Exercise directions: Would you please transcribe the data in full and exactly, excluding images?

---------------

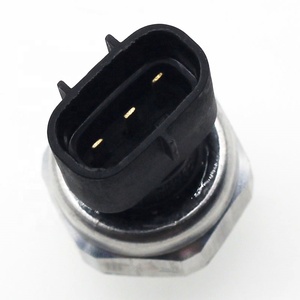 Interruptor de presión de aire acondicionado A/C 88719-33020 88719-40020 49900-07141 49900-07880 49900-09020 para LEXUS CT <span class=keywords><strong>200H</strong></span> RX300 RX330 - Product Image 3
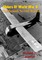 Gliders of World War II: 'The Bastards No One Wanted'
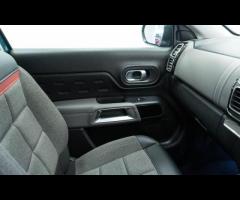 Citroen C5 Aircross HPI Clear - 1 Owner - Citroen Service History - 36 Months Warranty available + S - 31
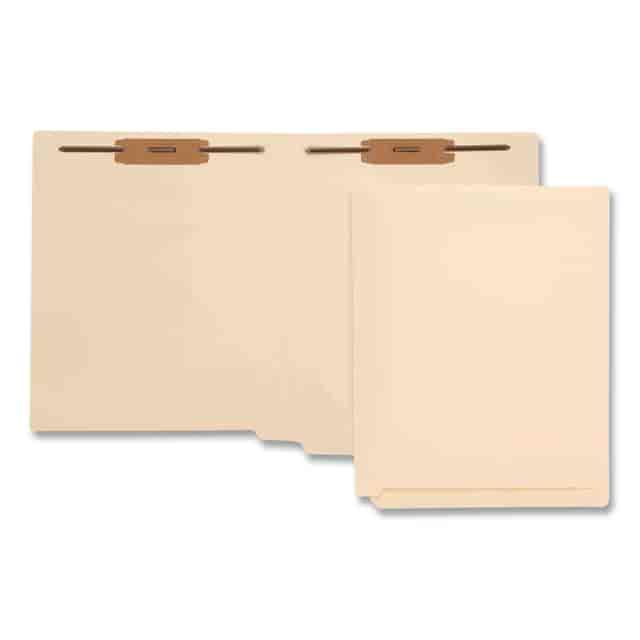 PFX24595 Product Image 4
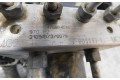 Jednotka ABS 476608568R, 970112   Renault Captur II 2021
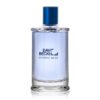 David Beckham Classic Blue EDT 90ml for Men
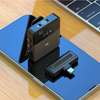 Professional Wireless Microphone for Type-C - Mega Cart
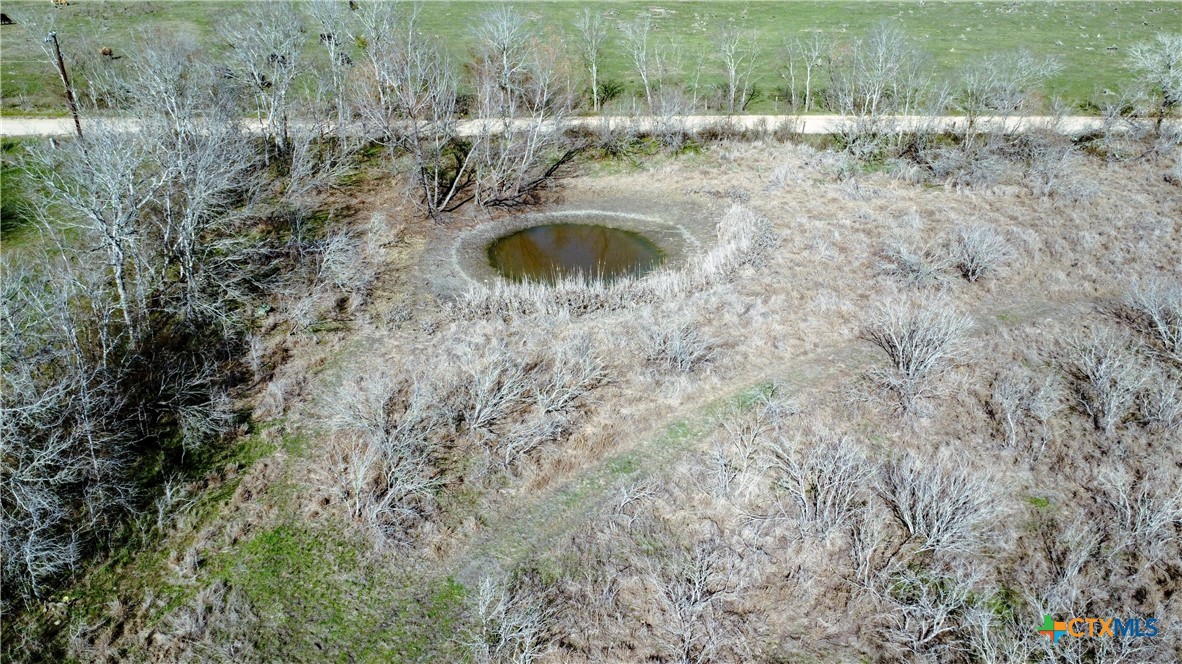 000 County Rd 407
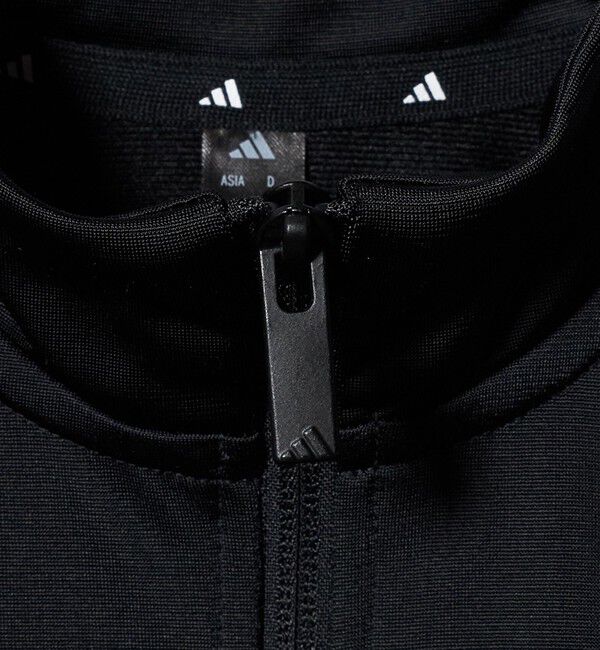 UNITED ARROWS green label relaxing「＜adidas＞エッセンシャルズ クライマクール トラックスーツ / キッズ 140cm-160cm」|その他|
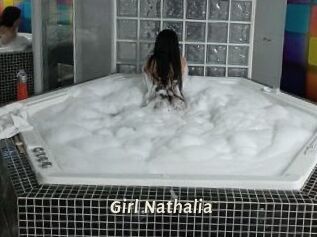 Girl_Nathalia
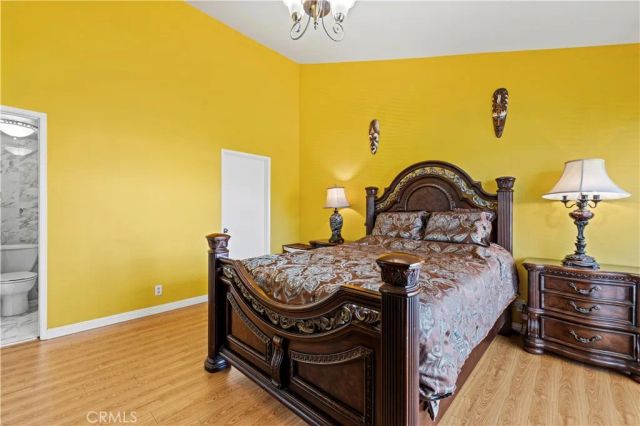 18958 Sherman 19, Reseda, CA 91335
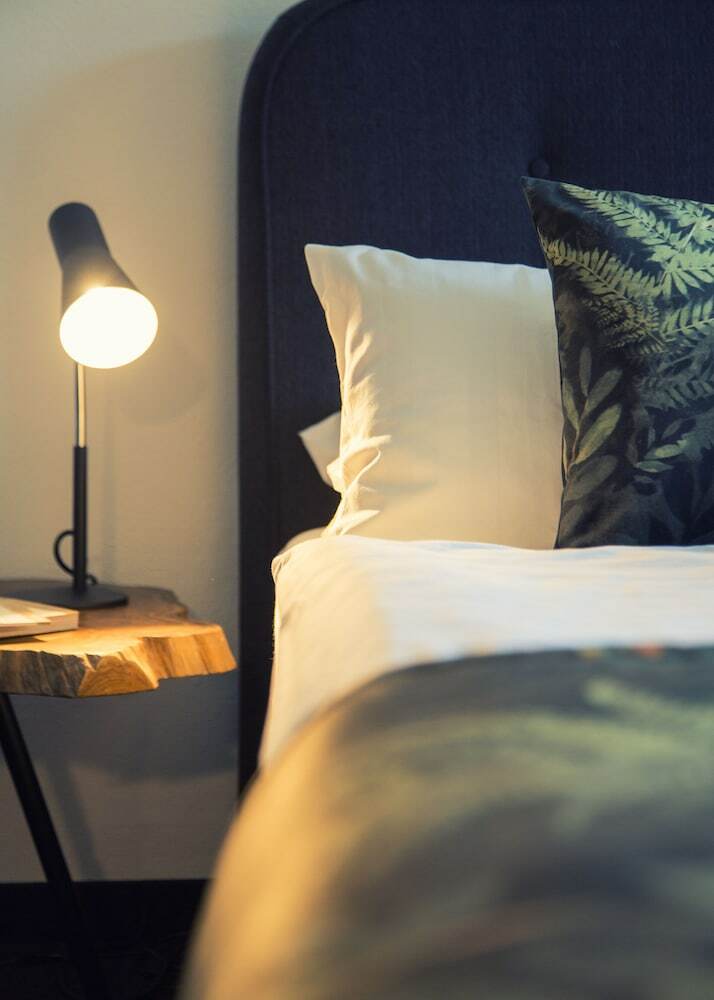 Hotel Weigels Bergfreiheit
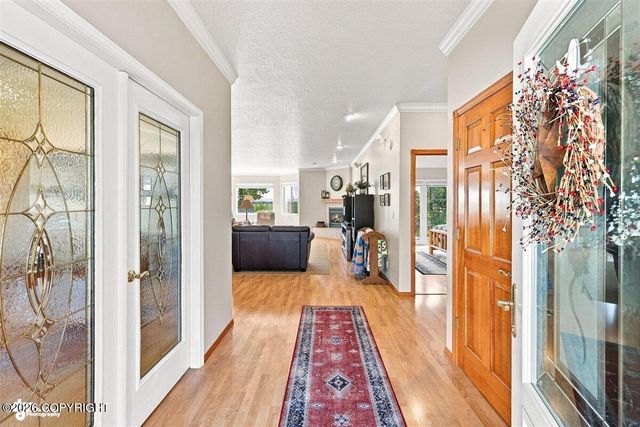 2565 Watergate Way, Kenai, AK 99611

---------------

Response box:
 Interruptor de presión de aire acondicionado A/C 88719-33020 88719-40020 49900-07141 49900-07880 49900-09020 para LEXUS CT <span class=keywords><strong>200H</strong></span> RX300 RX330 - Product Image 3
 Gliders of World War II: 'The Bastards No One Wanted'
 Citroen C5 Aircross HPI Clear - 1 Owner - Citroen Service History - 36 Months Warranty available + S - 31
 PFX24595 Product Image 4
 Jednotka ABS 476608568R, 970112   Renault Captur II 2021
 David Beckham Classic Blue EDT 90ml for Men
 Professional Wireless Microphone for Type-C - Mega Cart
 000 County Rd 407
 UNITED ARROWS green label relaxing「＜adidas＞エッセンシャルズ クライマクール トラックスーツ / キッズ 140cm-160cm」|その他|
 Girl_Nathalia
 18958 Sherman 19, Reseda, CA 91335
 Hotel Weigels Bergfreiheit
 2565 Watergate Way, Kenai, AK 99611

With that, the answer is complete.